Give back exactly the lines from the start of the entries below to the line holding "and hope 112302112", that line included, and leave every picture out.
── Excerpted records
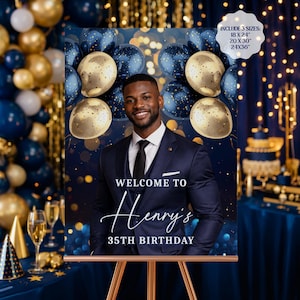 以下が含まれることがあります： ネイビーブルーの誕生日のパーティーサイン。笑顔の男性の写真、金とネイビーの風船、そして「WELCOME TO Henry's 35TH BIRTHDAY」というテキストが特徴です。サインは木製のイーゼルに表示されています。3つのサイズが含まれています：45.7 x 61cm、50.8 x 76.2cm、61 x 91.4cm。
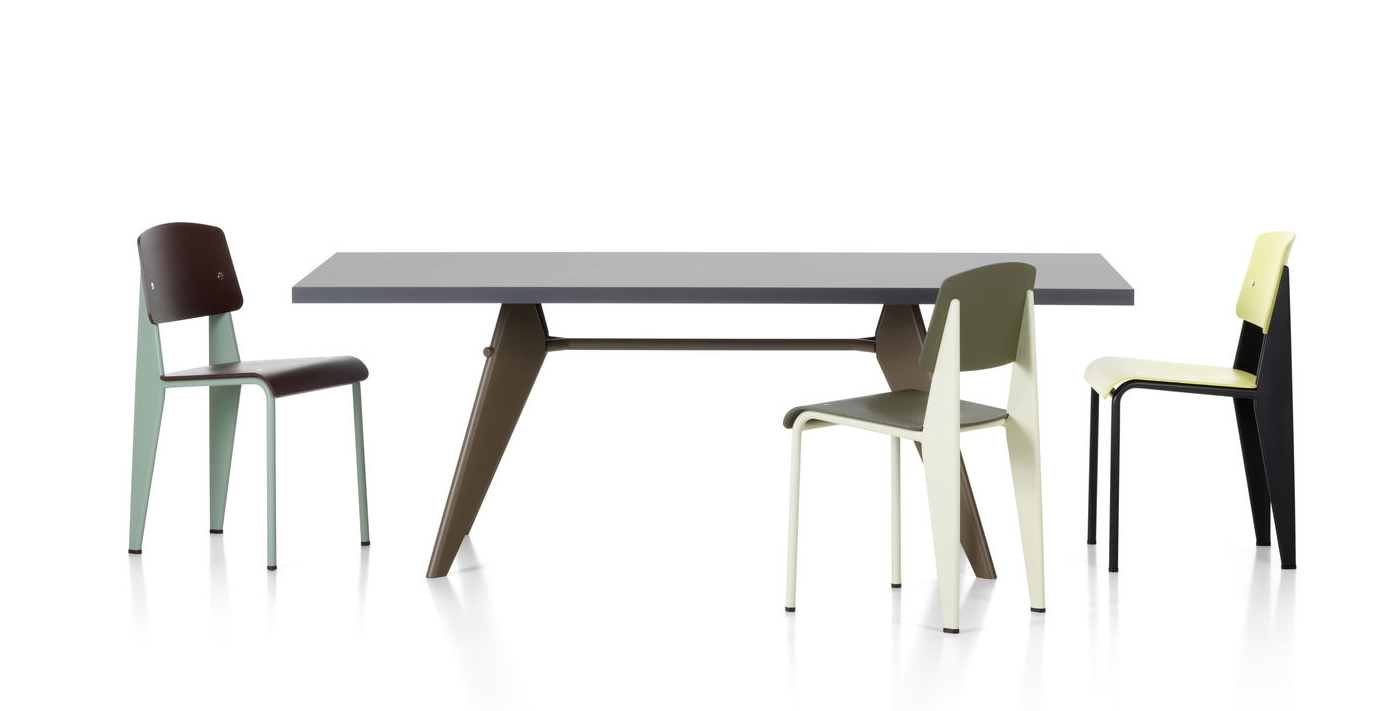 Esstisch mit drei Vitra Standard SP Stühlen in verschiedenen Farben vor neutralem Hintergrund.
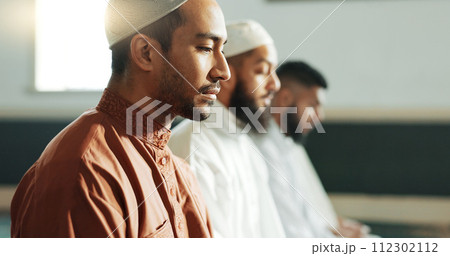 Islamic, praying and men in a Mosque for spiritual religion together as a group to worship Allah in Ramadan. Muslim, Arabic and holy people with peace or respect for gratitude, trust and hope Islamic, praying and men in a Mosque for spiritual religion together as a group to worship Allah in Ramadan. Muslim, Arabic and holy people with peace or respect for gratitude, trust and hope 112302112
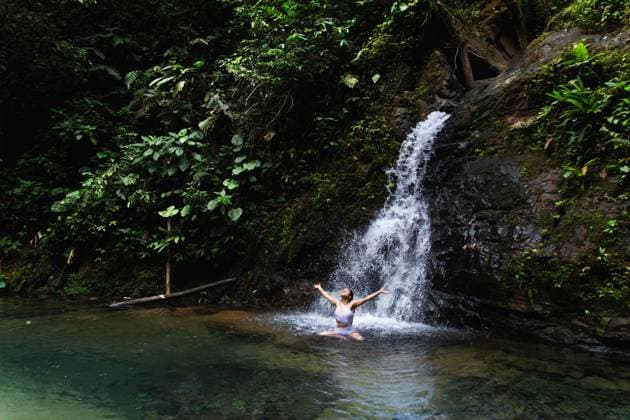 Young woman enjoying and stretching arms in a natural pool under a waterfall in the Choco Andino rainforest, Ecuador. This image captures the spirit of ecotourism and adventure in a biodiverse tropical landscape. Model Released Cardellach_ID27637_793647_017 Copyright: xCardellachx RECORD DATE NOT STATED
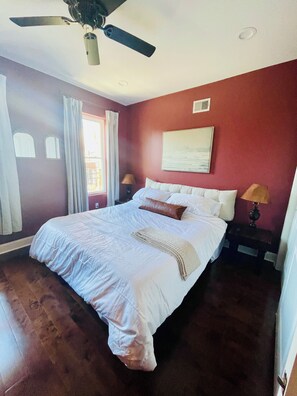 Een slaapkamer met een bed, een plafondventilator, een raam met gordijnen en een wandlamp.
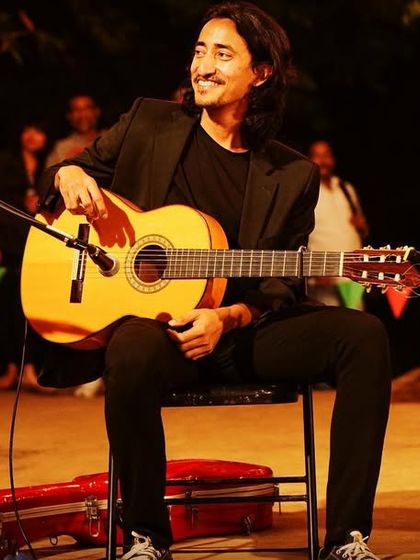 My talented flamenco guitarist smiling at the audience during an outdoor festival performance.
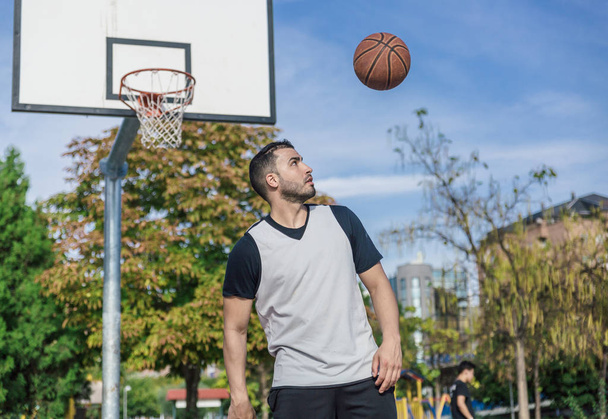 Giocatore di basket urbano lancia la palla in aria mentre sulla schiena al bordo e il cestino
 - Foto, immagini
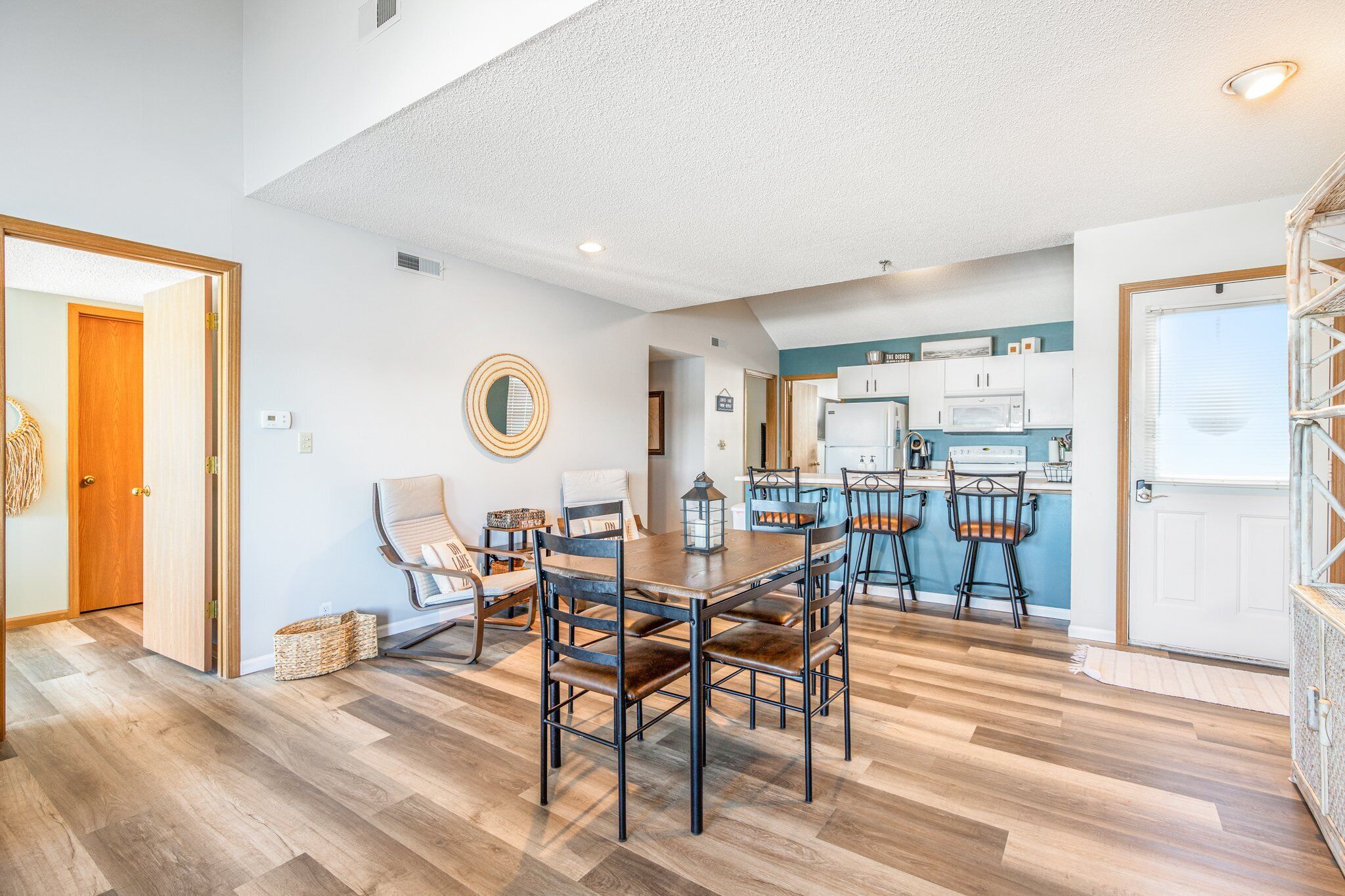 A spacious dining area with a wooden table and chairs, a kitchen in the background, and a view of the outdoors.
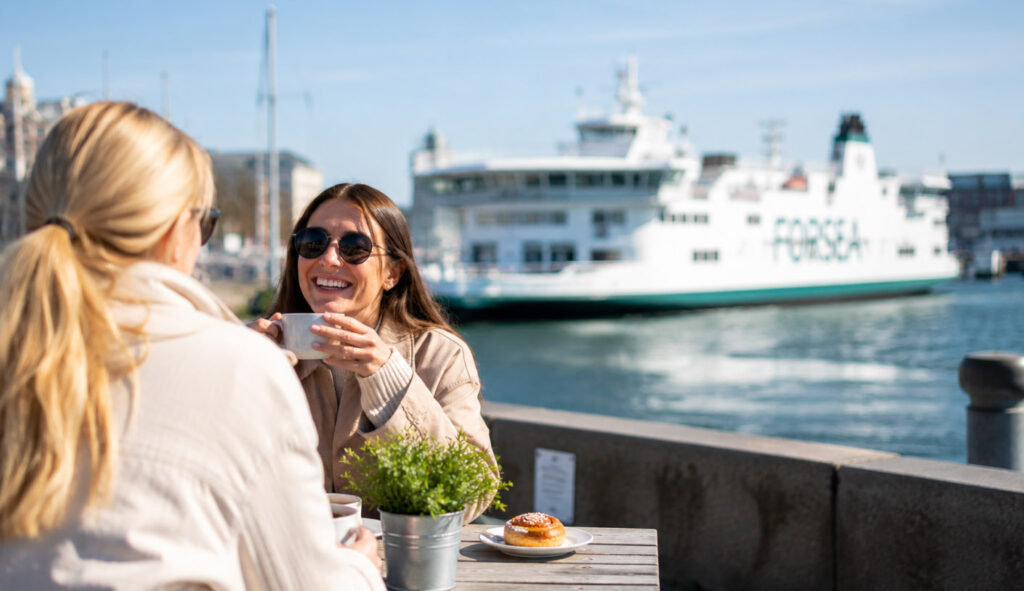 Kvinder på café ved havnen i Helsingborg med færgen mellem Helsingør og Sverige i baggrunden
────
# Answer space
 以下が含まれることがあります： ネイビーブルーの誕生日のパーティーサイン。笑顔の男性の写真、金とネイビーの風船、そして「WELCOME TO Henry's 35TH BIRTHDAY」というテキストが特徴です。サインは木製のイーゼルに表示されています。3つのサイズが含まれています：45.7 x 61cm、50.8 x 76.2cm、61 x 91.4cm。
 Esstisch mit drei Vitra Standard SP Stühlen in verschiedenen Farben vor neutralem Hintergrund.
 Islamic, praying and men in a Mosque for spiritual religion together as a group to worship Allah in Ramadan. Muslim, Arabic and holy people with peace or respect for gratitude, trust and hope Islamic, praying and men in a Mosque for spiritual religion together as a group to worship Allah in Ramadan. Muslim, Arabic and holy people with peace or respect for gratitude, trust and hope 112302112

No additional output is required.